Signora Fidanza, a che punto sono le indagini?  «Sono aperte. Non abbiamo ancora risposte. Siamo in attesa di documenti dalla Spagna e dei referti autoptici da Roma. Questo silenzio è una vergogna per lo Stato civile e per la giustizia italiana. Abbiamo bisogno di chiudere le partite, non solo per mio figlio». 

Che idea si è fatta in merito?  «I tre colpi sono stati inferti con una tale forza che difficilmente lascia pensare al suicidio. La prima coltellata ha colpito Giacomo al costato e la lama è affondata di circa tre centimetri, la seconda al polmone, per circa quattro e poi l’ultima, quella fatale, al cuore. Questo è quanto riportato dal rapporto di polizia spagnola. E’ stata dura, leggerlo. Ma è così».

Come madre e come avvocato non crede al suicidio?  «Voglio premettere che, nella vita, con i miei figli ho solo fatto la madre. E mai avrei potuto immaginare di dover affrontare una situazione simile. Giacomo era sereno, autonomo, appassionato alla vita. Non viveva nessuna situazione di disagio. Il gesto estremo è inconcepibile. Come avvocato, mi chiedo come sia possibile autoinfliggersi tre colpi consecutivi, considerando l’istinto umano di autoconservazione. Poi l’incognita del terzo colpo, che sarebbe stato auto inferto al cuore con brutale violenza, dopo l’insufficienza respiratoria causata dalla precedente coltellata al polmone. E poi ancora mi chiedo perché le telecamere della videosorveglianza istallate nel palazzo dove risiedeva Giacomo, non sono state visionate dalla polizia di Valencia». 

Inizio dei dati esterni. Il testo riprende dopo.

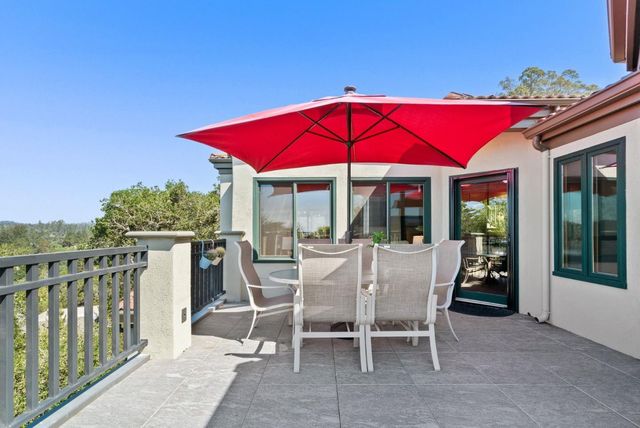 17 Kite Hill Road, Santa Cruz, CA 95060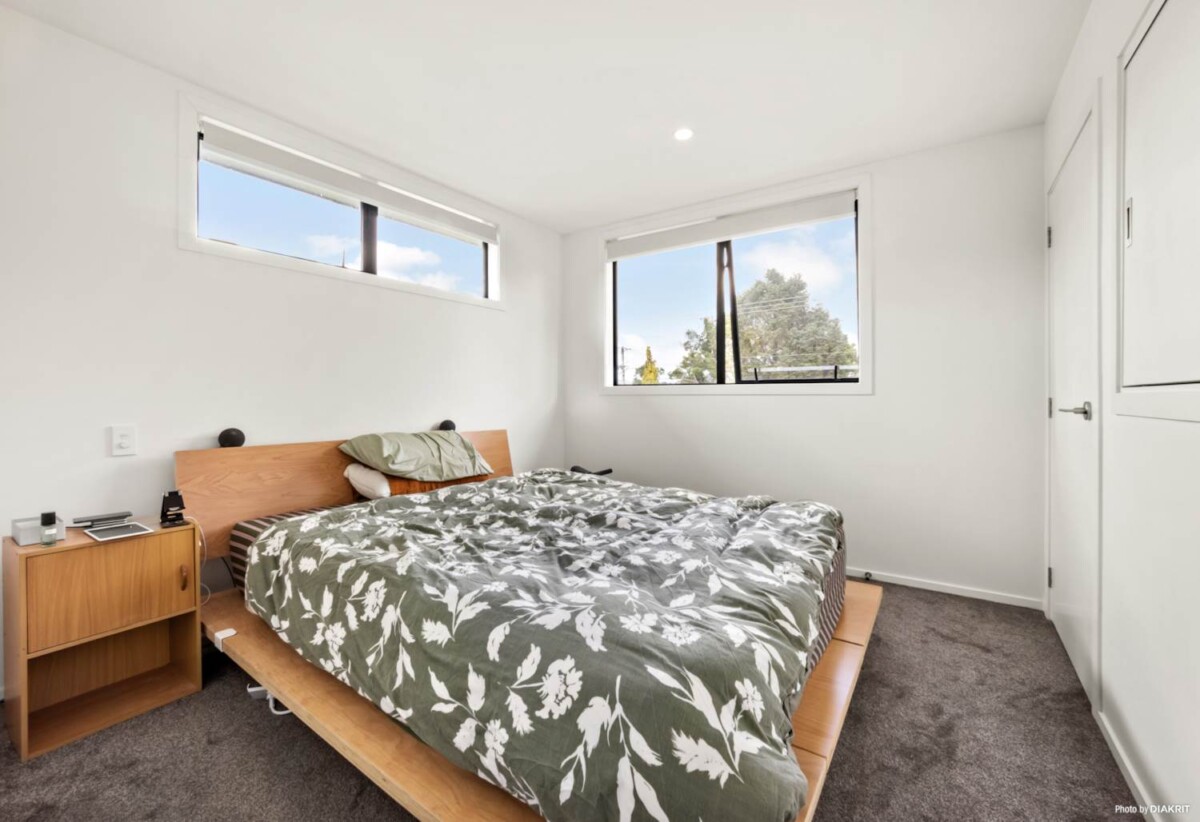 58m2 Freehold 1 bed 1 bath townhouse with a pleasant front yard (108 m2 land area), With Westcity Mall, Mega shopping centre, transport options, McLaren Park and daily amenities nearby, walks to schools, zoned for Sunnyvale School and Bruce McLaren Intermediate, 1/102 Millbrook Road, Sunnyvale, Auckland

L’annuncio della morte di Giacomo, è stata una telefonata che le ha cambiato la vita.  «Per me ha cambiato il mondo. Non esiste un vocabolo che possa definire il dolore per la morte di un figlio. Questo basta a dire quanto sia grande. Ma ho imparato che non si smette di essere madre, neanche se quel figlio non è più accanto a noi. Di lui mi manca tutto. Soprattutto il suo disordine. Ora vivo di dettagli trascurati per anni e custoditi nei ricordi. In un’ottica religiosa abbraccio la croce, nell’ottica laica, vivo una condanna. È certa però la mia volontà, di trasformare questa tragedia in un messaggio positivo per i ragazzi».